Problem requirements:
Exact repetition of a range: find the line containing "Agility Fliese (Vorderseite)" and the line containing "小さなカメのパンの作り方" in the material below, then repeat both and all lines between them, leaving pictures out.

Entries provided:

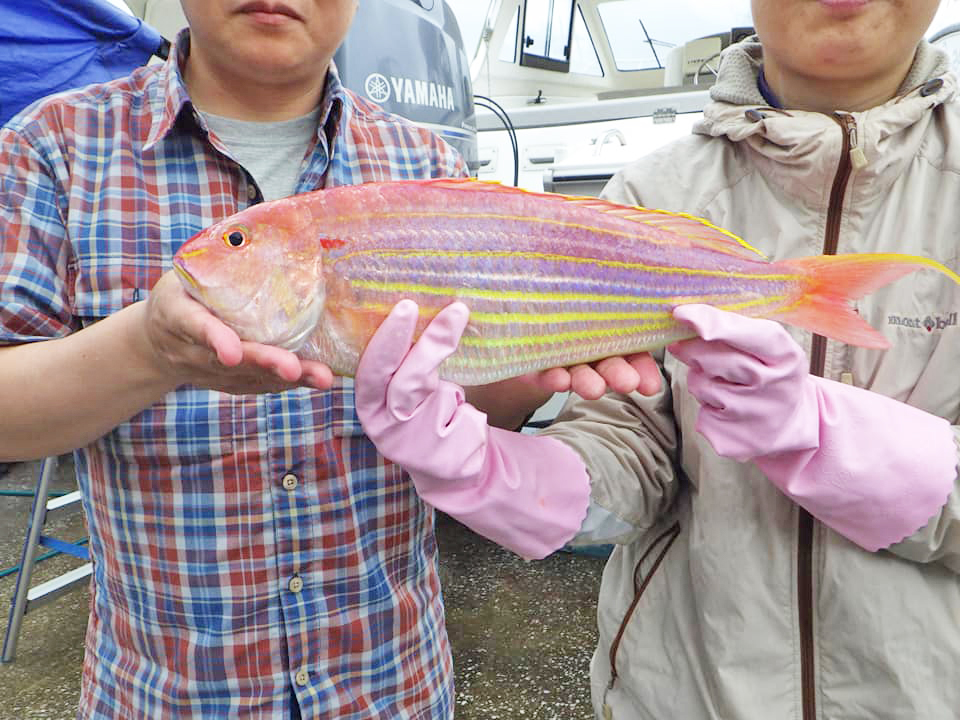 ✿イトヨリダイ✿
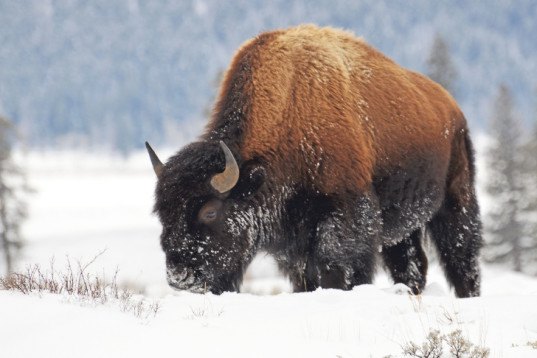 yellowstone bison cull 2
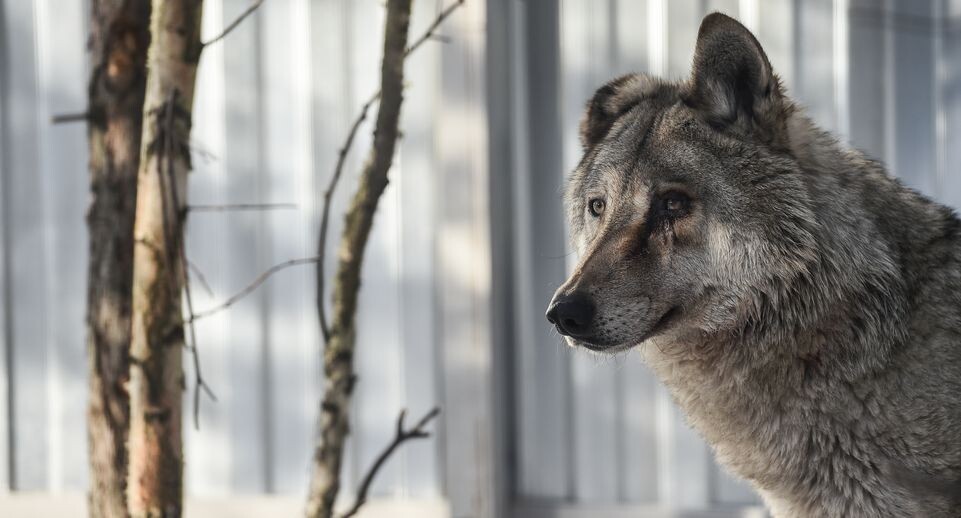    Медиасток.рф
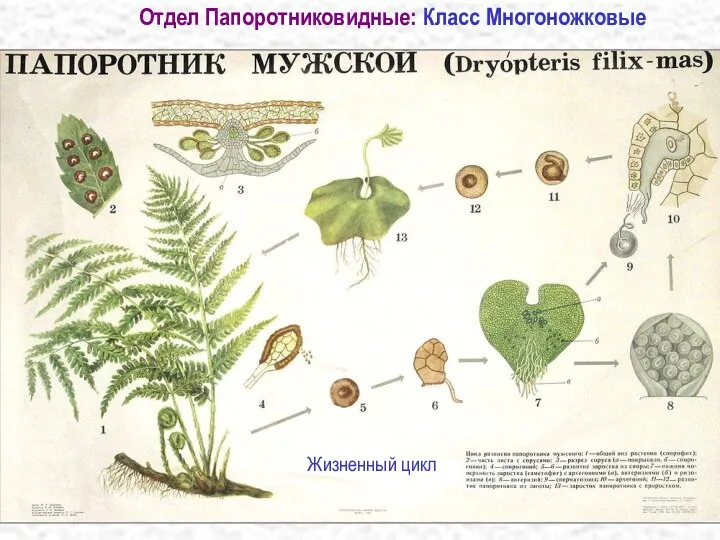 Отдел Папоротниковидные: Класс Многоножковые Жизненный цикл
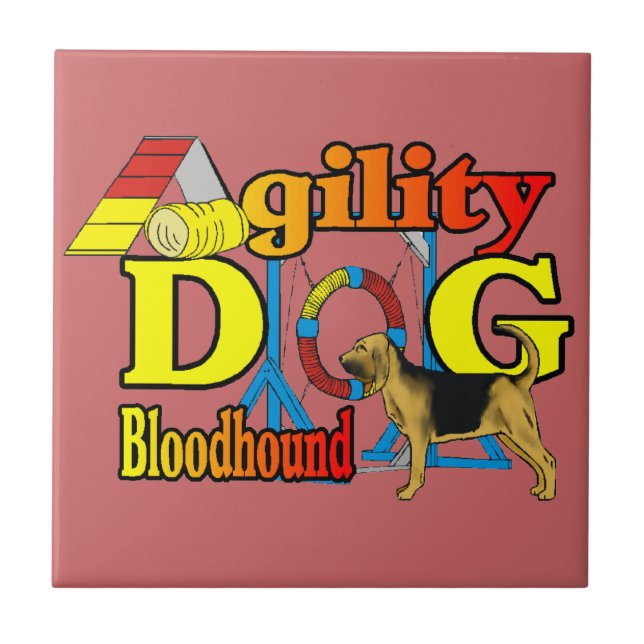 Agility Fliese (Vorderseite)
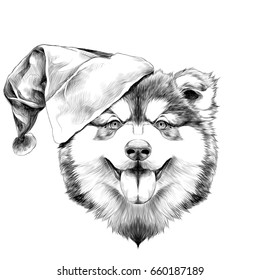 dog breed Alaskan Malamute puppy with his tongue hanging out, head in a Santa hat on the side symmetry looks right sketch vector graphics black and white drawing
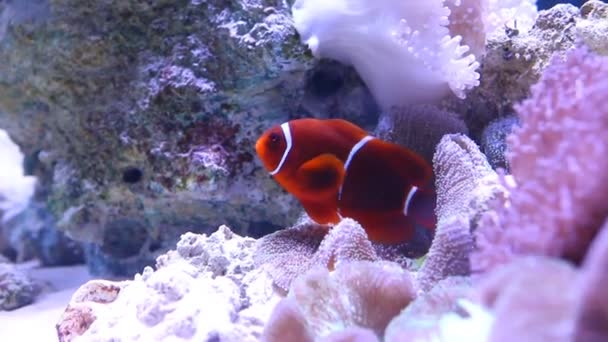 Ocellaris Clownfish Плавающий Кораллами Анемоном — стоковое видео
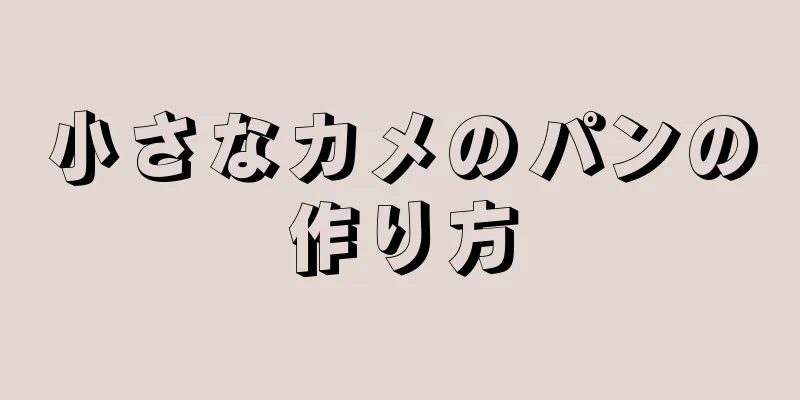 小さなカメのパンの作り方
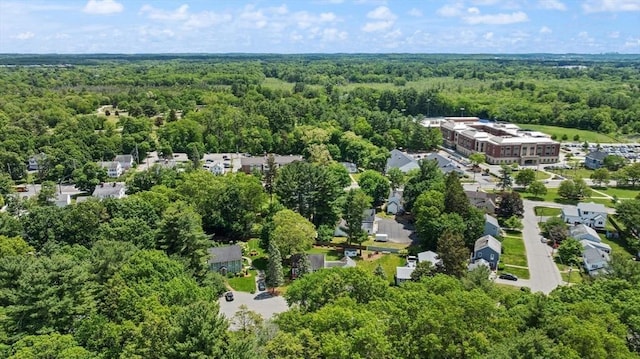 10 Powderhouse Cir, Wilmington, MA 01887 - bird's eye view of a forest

Problem solution:
 Agility Fliese (Vorderseite)
 dog breed Alaskan Malamute puppy with his tongue hanging out, head in a Santa hat on the side symmetry looks right sketch vector graphics black and white drawing
 Ocellaris Clownfish Плавающий Кораллами Анемоном — стоковое видео
 小さなカメのパンの作り方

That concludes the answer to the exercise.